(Image-text web data)

━━━━

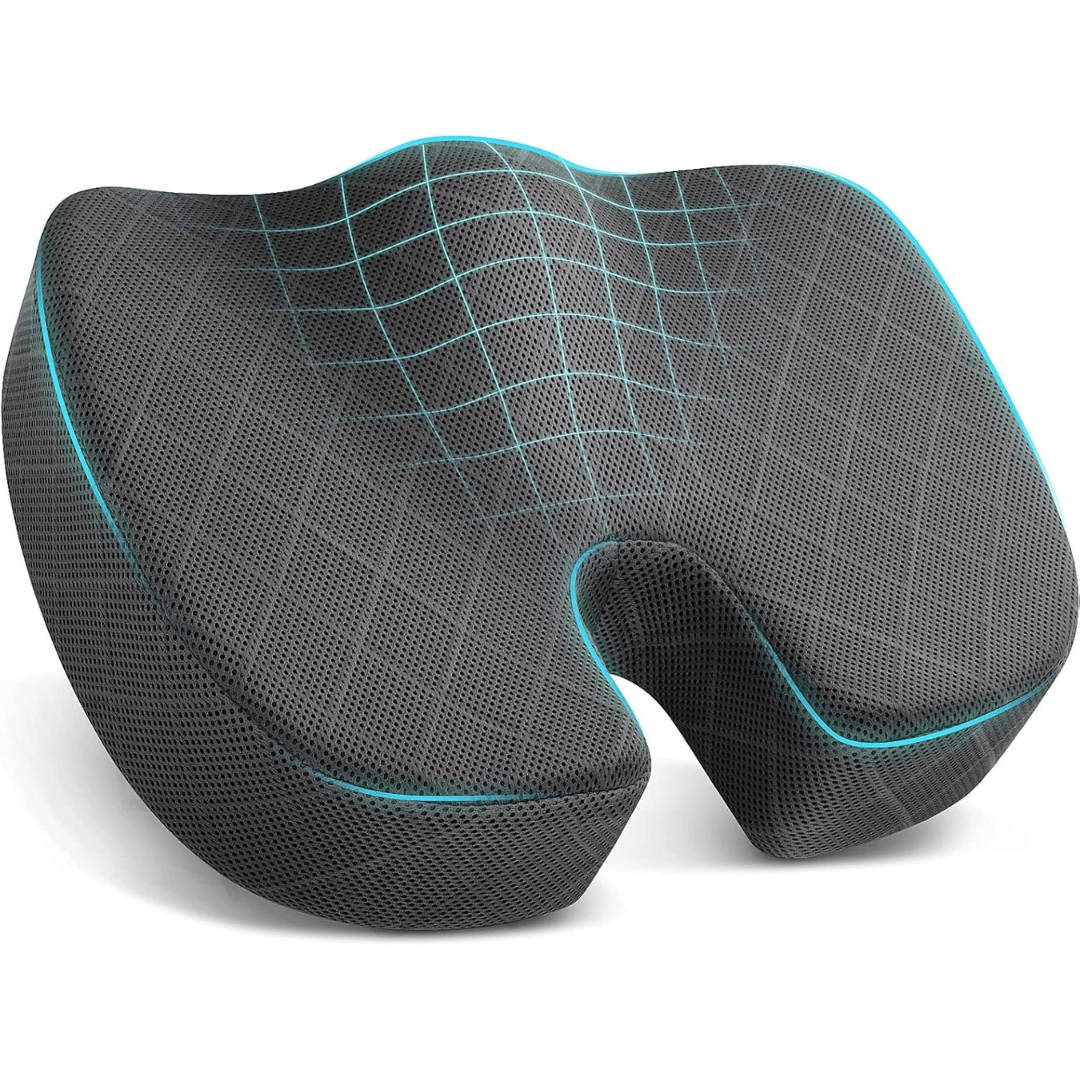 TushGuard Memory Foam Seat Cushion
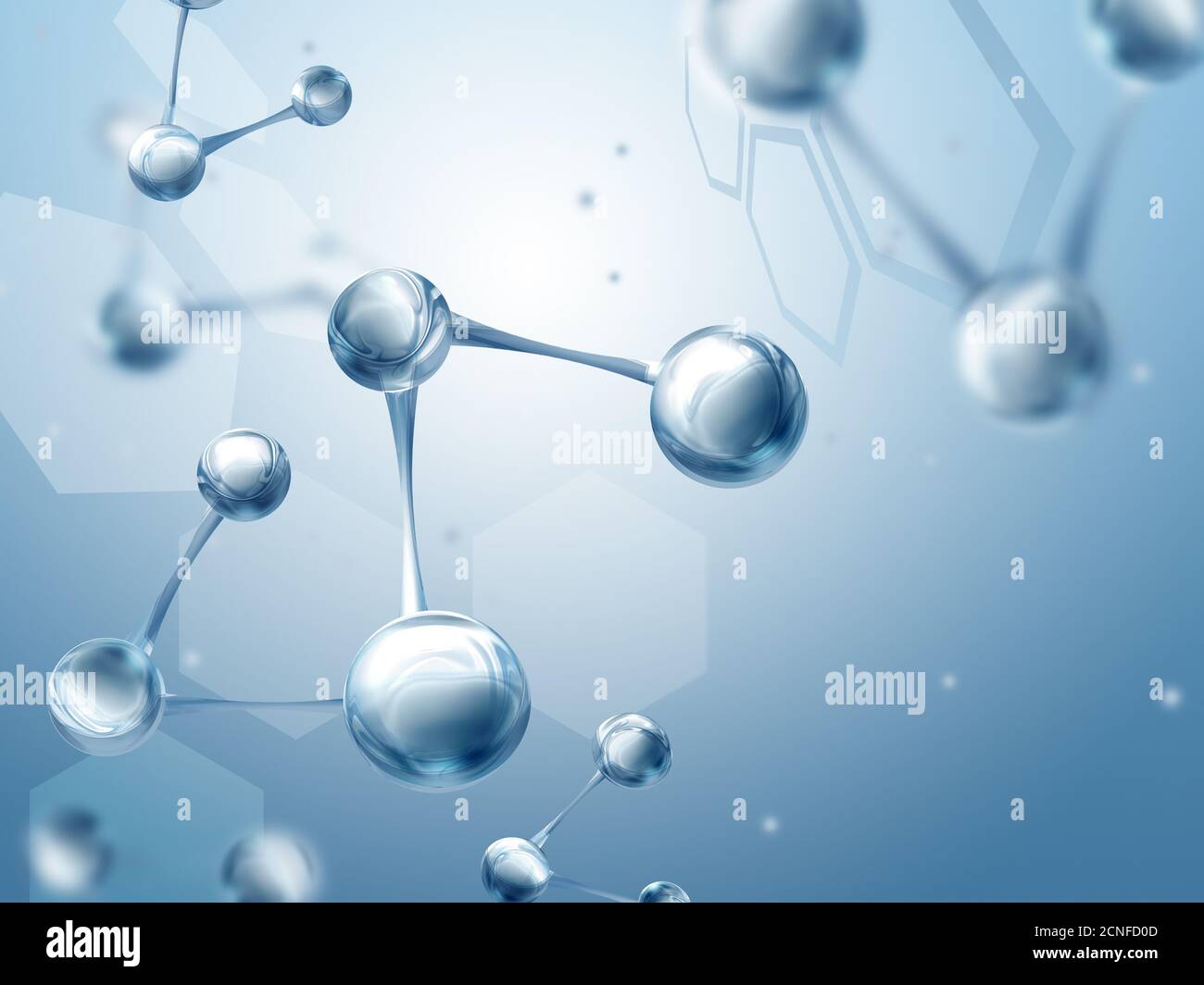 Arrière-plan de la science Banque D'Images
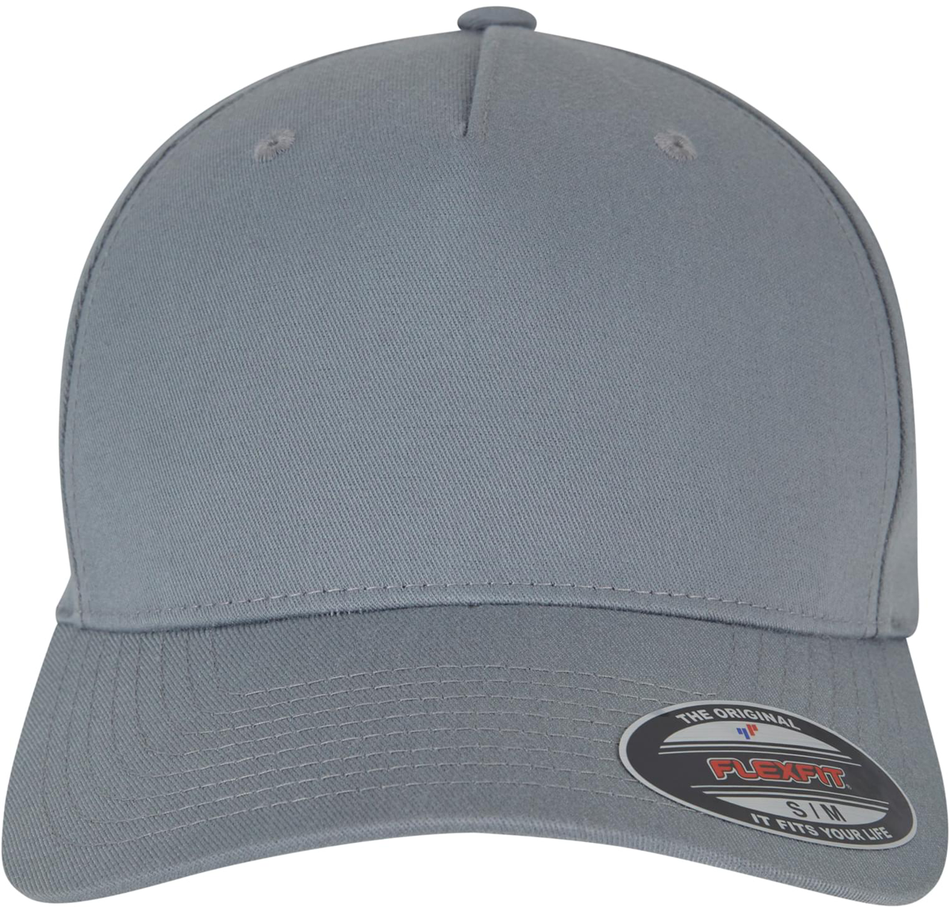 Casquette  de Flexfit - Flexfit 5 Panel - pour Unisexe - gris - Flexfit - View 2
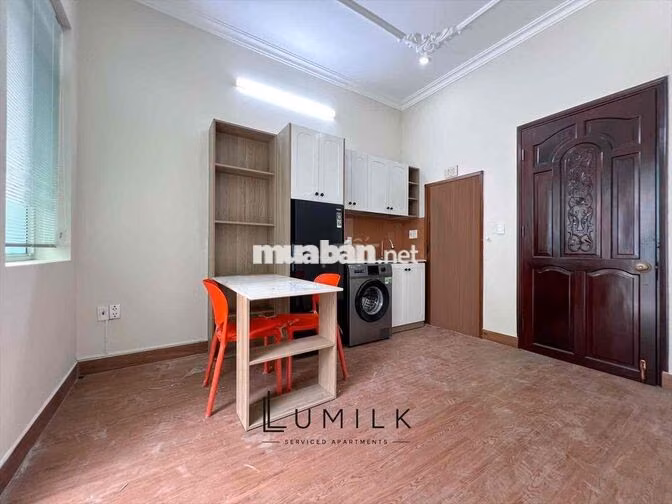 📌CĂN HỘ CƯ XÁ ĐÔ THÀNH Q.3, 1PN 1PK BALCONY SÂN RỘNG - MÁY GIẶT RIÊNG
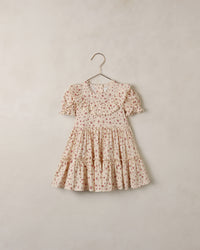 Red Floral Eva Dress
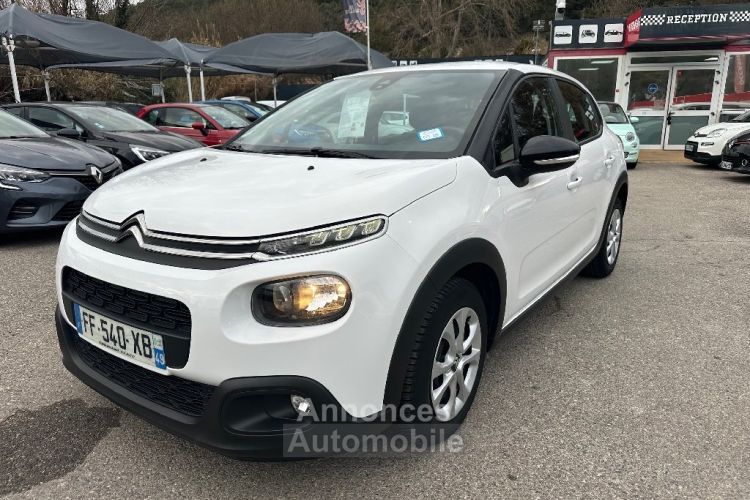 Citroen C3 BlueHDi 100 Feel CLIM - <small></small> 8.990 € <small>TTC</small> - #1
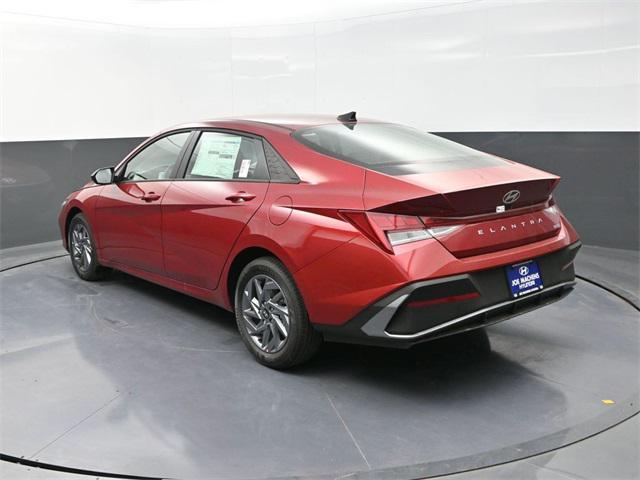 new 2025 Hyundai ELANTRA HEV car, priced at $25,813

━━━━

## [Task prompt]
When copying the entries above, keep each word as it is and exclude any image.

## [Task answer]
 TushGuard Memory Foam Seat Cushion
 Arrière-plan de la science Banque D'Images
 Casquette  de Flexfit - Flexfit 5 Panel - pour Unisexe - gris - Flexfit - View 2
 📌CĂN HỘ CƯ XÁ ĐÔ THÀNH Q.3, 1PN 1PK BALCONY SÂN RỘNG - MÁY GIẶT RIÊNG
 Red Floral Eva Dress
 Citroen C3 BlueHDi 100 Feel CLIM - <small></small> 8.990 € <small>TTC</small> - #1
 new 2025 Hyundai ELANTRA HEV car, priced at $25,813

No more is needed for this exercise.